◆ Exercise goal ◆
Repeat the records given below in full, with no changes.

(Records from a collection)
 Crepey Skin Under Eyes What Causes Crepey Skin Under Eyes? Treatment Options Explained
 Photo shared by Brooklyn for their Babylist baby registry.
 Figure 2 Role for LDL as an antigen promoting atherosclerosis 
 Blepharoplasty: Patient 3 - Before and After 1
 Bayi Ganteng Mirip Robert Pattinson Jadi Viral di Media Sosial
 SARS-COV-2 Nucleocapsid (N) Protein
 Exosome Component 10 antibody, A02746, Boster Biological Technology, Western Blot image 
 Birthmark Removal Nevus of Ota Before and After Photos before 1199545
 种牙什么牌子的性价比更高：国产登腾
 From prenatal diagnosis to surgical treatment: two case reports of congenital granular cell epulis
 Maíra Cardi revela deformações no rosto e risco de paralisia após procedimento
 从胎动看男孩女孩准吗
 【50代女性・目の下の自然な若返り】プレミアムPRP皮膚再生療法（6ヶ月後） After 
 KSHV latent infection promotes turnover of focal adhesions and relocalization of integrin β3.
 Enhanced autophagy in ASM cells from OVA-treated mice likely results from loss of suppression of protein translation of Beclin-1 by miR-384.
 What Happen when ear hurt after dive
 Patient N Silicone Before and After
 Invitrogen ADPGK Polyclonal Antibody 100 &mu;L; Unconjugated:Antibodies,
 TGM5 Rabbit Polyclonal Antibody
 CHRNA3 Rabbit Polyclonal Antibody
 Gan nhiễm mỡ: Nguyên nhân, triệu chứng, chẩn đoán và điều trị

◆ Output for this task ◆
 Crepey Skin Under Eyes What Causes Crepey Skin Under Eyes? Treatment Options Explained
 Photo shared by Brooklyn for their Babylist baby registry.
 Figure 2 Role for LDL as an antigen promoting atherosclerosis 
 Blepharoplasty: Patient 3 - Before and After 1
 Bayi Ganteng Mirip Robert Pattinson Jadi Viral di Media Sosial
 SARS-COV-2 Nucleocapsid (N) Protein
 Exosome Component 10 antibody, A02746, Boster Biological Technology, Western Blot image 
 Birthmark Removal Nevus of Ota Before and After Photos before 1199545
 种牙什么牌子的性价比更高：国产登腾
 From prenatal diagnosis to surgical treatment: two case reports of congenital granular cell epulis
 Maíra Cardi revela deformações no rosto e risco de paralisia após procedimento
 从胎动看男孩女孩准吗
 【50代女性・目の下の自然な若返り】プレミアムPRP皮膚再生療法（6ヶ月後） After 
 KSHV latent infection promotes turnover of focal adhesions and relocalization of integrin β3.
 Enhanced autophagy in ASM cells from OVA-treated mice likely results from loss of suppression of protein translation of Beclin-1 by miR-384.
 What Happen when ear hurt after dive
 Patient N Silicone Before and After
 Invitrogen ADPGK Polyclonal Antibody 100 &mu;L; Unconjugated:Antibodies,
 TGM5 Rabbit Polyclonal Antibody
 CHRNA3 Rabbit Polyclonal Antibody
 Gan nhiễm mỡ: Nguyên nhân, triệu chứng, chẩn đoán và điều trị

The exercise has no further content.